→ Task statement:
No image is to be carried over; reproduce the rest of the listing word for word.

→ Source material:
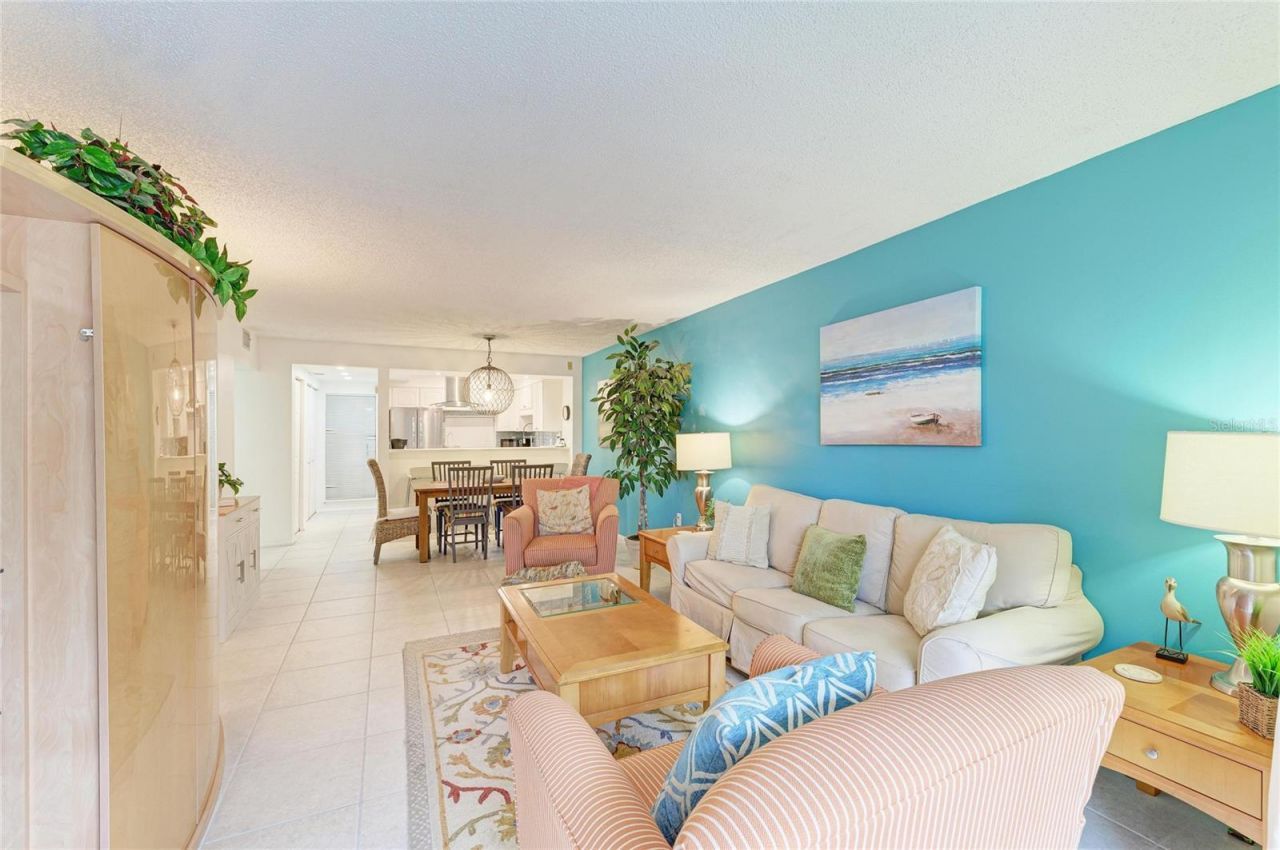 6157 Midnight Pass Road, Unit E12, Sarasota, FL 34242 Photo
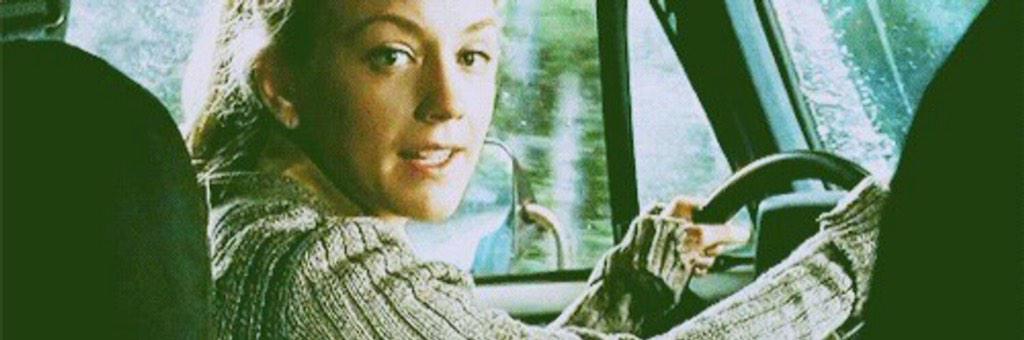 Thanks for the followers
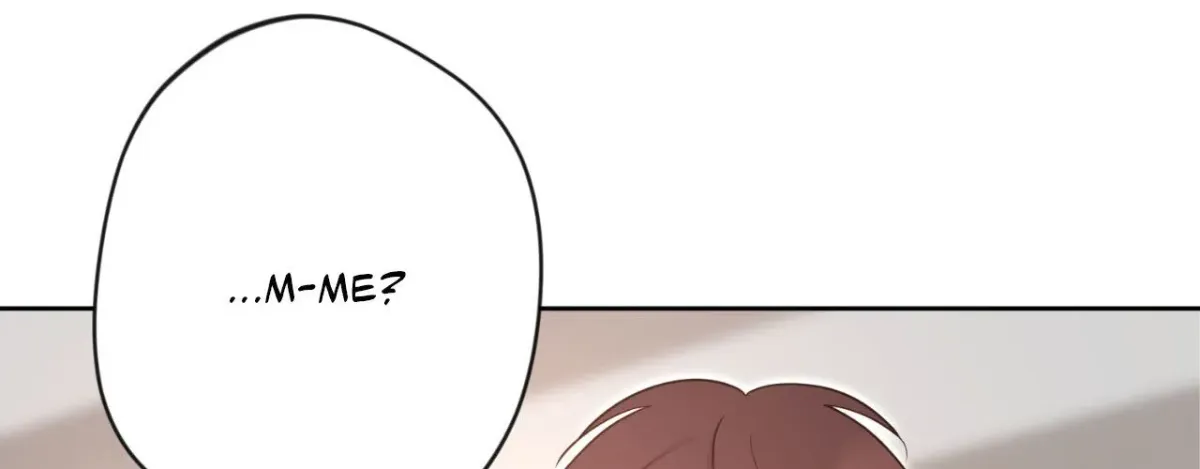 Angel Kiss (Bobnakk) Chapter 13 page 104 -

→ Exercise solution:
 6157 Midnight Pass Road, Unit E12, Sarasota, FL 34242 Photo
 Thanks for the followers
 Angel Kiss (Bobnakk) Chapter 13 page 104 -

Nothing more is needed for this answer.